Well, it appears that I am joining this discussion late once again.

This question of smoking raises the whole “Christ and culture” dichotomy for me. Many fundamentalist types whom condemn smoking probably drive cars. Cars, as I understand it, are statistically “hazardous to your health.” There is a whole host of other detrimental activities that we “probably shouldn’t do.” However, this may require that we live like the Amish who in part live like that FOR THAT VERY REASON. Things we shouldn’t do. Holiness. Do we want to go down that road? Seems so contrary to WWJD who was extremely embedded in his Palestinian life and culture.

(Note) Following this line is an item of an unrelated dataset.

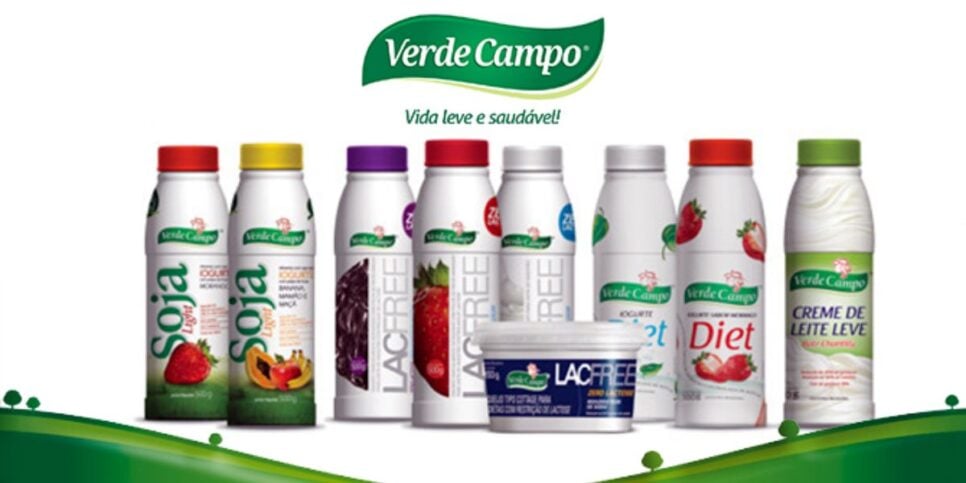 Verde Campo es una fábrica dedicada a la elaboración de productos lácteos (Reproducción / Imagen: Verde Campo / Divulgación)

Anyhoo, this past year I started smoking the occasional cigar. Mancanudo Rothschild. Mmmmm…best tasting cigar I have ever tasted. Too expensive though. Presently, I smoke a cheap $3.50 Caffe Coretto. It tastes pretty good for what it costs. But I’ve tasted some really cheap ones? I may as well have had a turd stick’n outta my mouth. :?

What was interesting reading was the calming, reflective effects of smoking a cigar. Indeed, I have found this true for me personally. I sit in my car with the window opened and light up. I think some of us thinker types find this activity particularly satisfying. You really have to slow down when you smoke a cigar. Having said that, I just want to say…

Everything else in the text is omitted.